-- Provided material follows --

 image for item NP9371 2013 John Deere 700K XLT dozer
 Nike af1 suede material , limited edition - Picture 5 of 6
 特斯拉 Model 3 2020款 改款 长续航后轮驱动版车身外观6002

-- Provided material concluded --
-- Provided material follows --

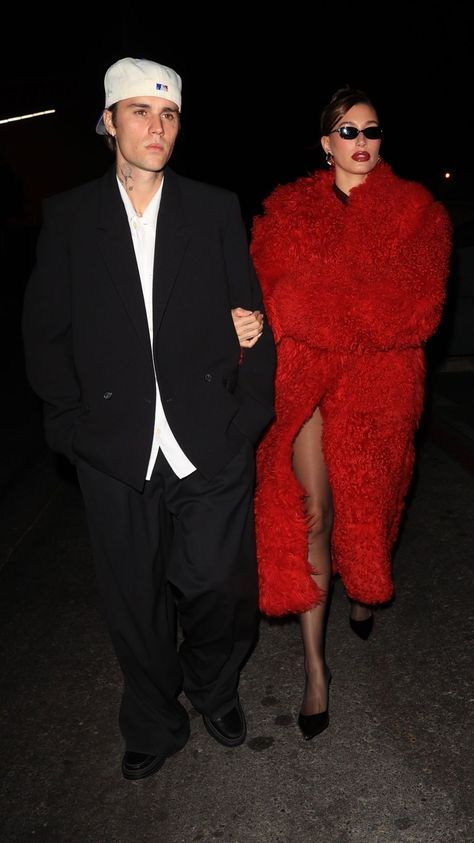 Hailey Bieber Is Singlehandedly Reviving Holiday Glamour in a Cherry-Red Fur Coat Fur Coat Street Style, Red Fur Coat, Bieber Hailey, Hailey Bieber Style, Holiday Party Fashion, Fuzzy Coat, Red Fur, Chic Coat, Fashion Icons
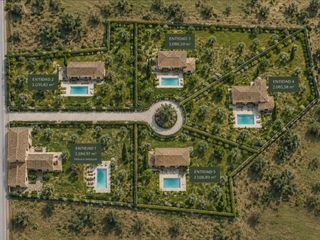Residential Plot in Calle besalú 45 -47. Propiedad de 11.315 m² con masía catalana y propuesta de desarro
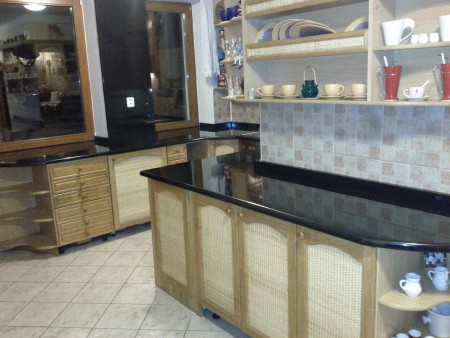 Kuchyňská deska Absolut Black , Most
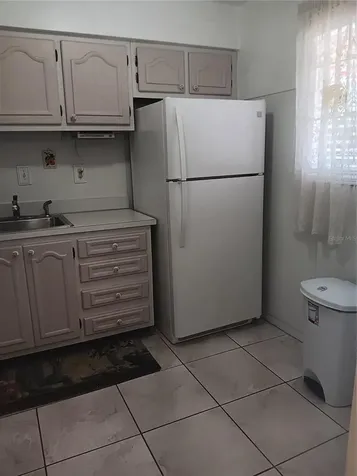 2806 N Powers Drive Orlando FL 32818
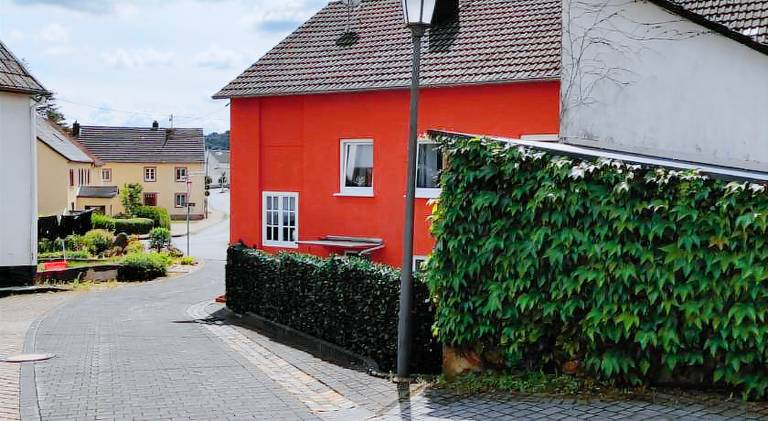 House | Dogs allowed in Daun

-- Provided material concluded --

** Task objective **
Among the entries above, copy exactly the stretch from the line holding "Hailey Bieber Is" through the line holding "House | Dogs allowed in Daun", leaving out any pictures.

** Reply **
 Hailey Bieber Is Singlehandedly Reviving Holiday Glamour in a Cherry-Red Fur Coat Fur Coat Street Style, Red Fur Coat, Bieber Hailey, Hailey Bieber Style, Holiday Party Fashion, Fuzzy Coat, Red Fur, Chic Coat, Fashion Icons
Residential Plot in Calle besalú 45 -47. Propiedad de 11.315 m² con masía catalana y propuesta de desarro
 Kuchyňská deska Absolut Black , Most
 2806 N Powers Drive Orlando FL 32818
 House | Dogs allowed in Daun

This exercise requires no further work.